Here, husband and wife Derek and Christine Cheung offer the iconic Vietnamese sandwiches on a crunchy baguette courtesy of Embarek Alibay's La Parisienne Bakery just down the road. In it goes a slick of house-made mayonnaise, the perfunctory cilantro, and pickles, along with fillings such as shredded chicken, the steamed pork roll called cha lua, chicken liver pâté, and barbecued pork. Choose two fillings for $4.95 or get them all for $5.95.  

The curt menu also includes five-spice chicken wings (four for $3.75) and a grilled lemongrass pork chop over rice ($8.95). It's primarily a grab-and-go operation with a bustling delivery business. But there are a few modern tables and bright-orange plastic chairs under blown-up pictures of the iconic turtle tower at the center of Hanoi's Hoan Kiem Lake, as well as photos of Christine as a toddler and teen while growing up in Saigon.

The Cheungs are the parents of Houston restaurant royalty. Their daughter is Jacklyn Pham, owner of the city's cavernous Saigon Pagolac, which is thought to be among the city's oldest Vietnamese joints and boasts its own house-made fish sauce alongside a number of other stunning dishes cooked tableside and rolled up with herbs and pickles in tender rice paper

Christine and her family came to the United States just before the fall of Saigon in 1975. They were a well-to-do clan whose wealth could be traced back to relatives who moved in from Shanghai decades earlier to help the French build the railroad running down Vietnam's spine. Her father was a South Vietnamese general and a former quartermaster who had helped supply the French's brutal colonial rule. Yet it afforded the family a lavish lifestyle in a country so poor that people at times resorted to eating dogs, cats, and snakes just to survive. "My mother never had to cook," Cheung says. "We had cooks and maids and drivers to do everything for us." But that didn't stop her from dragging a young Christine into the kitchen to teach her the basics of Vietnamese food. 

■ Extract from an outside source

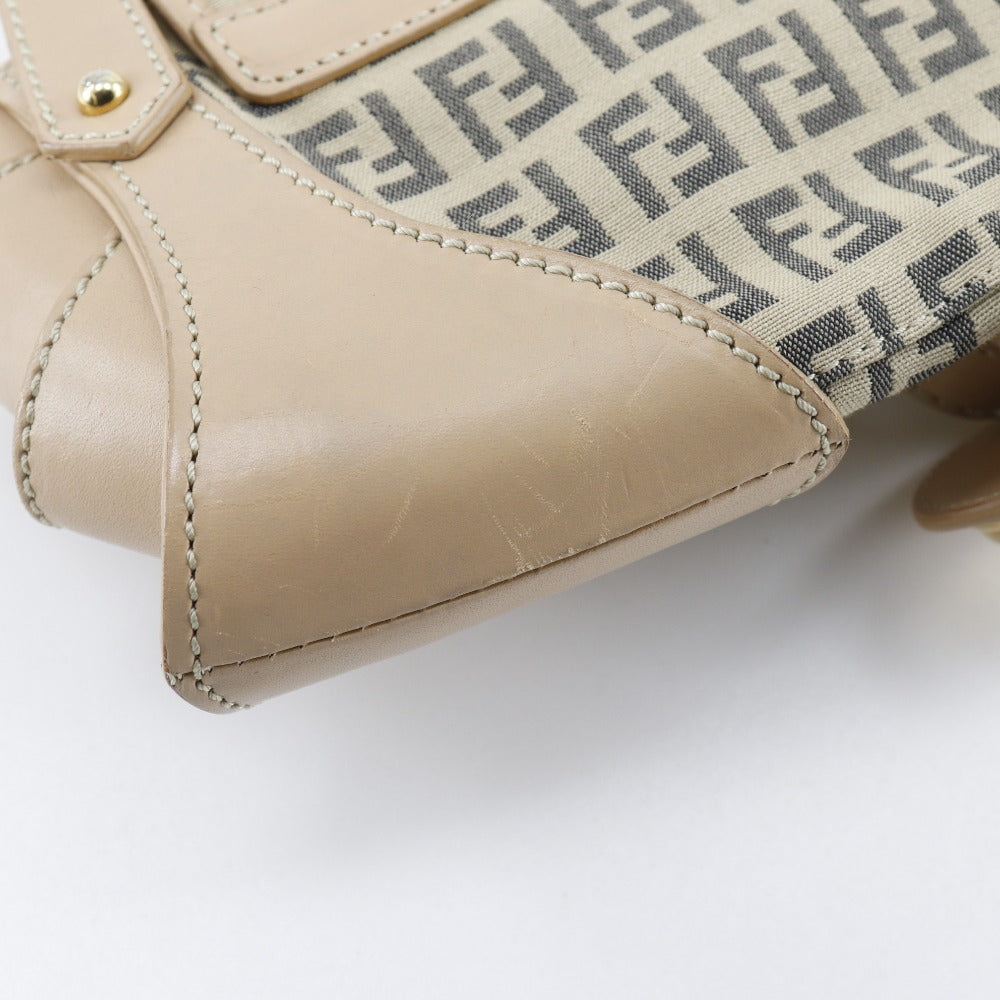FENDI Shoulder Bag 8BR422 canvas beige one belt Zucchino Women Used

It was there, while pinching her nose shut, she learned to make the spicy fish sauce-based condiment nuoc mam and the roast pork that today fills her bánh mì. A picnic ham marinates overnight in a blend of garlic, Chinese five-spice powder, and fish sauce. It roasts for at least six hours until tender and then is chilled and sliced. For the pâté, chicken livers are seared and then whipped with a mound of butter and a splash of fish sauce. Those lessons paid off well. 

The family fled Vietnam and certain death, leaving multiple homes and significant wealth behind. Christine hasn't returned, saying the Communists that currently run the country have stripped out its soul. "You go and you see the way people treat each other, the women selling themselves on the street," she says. "There's nothing left."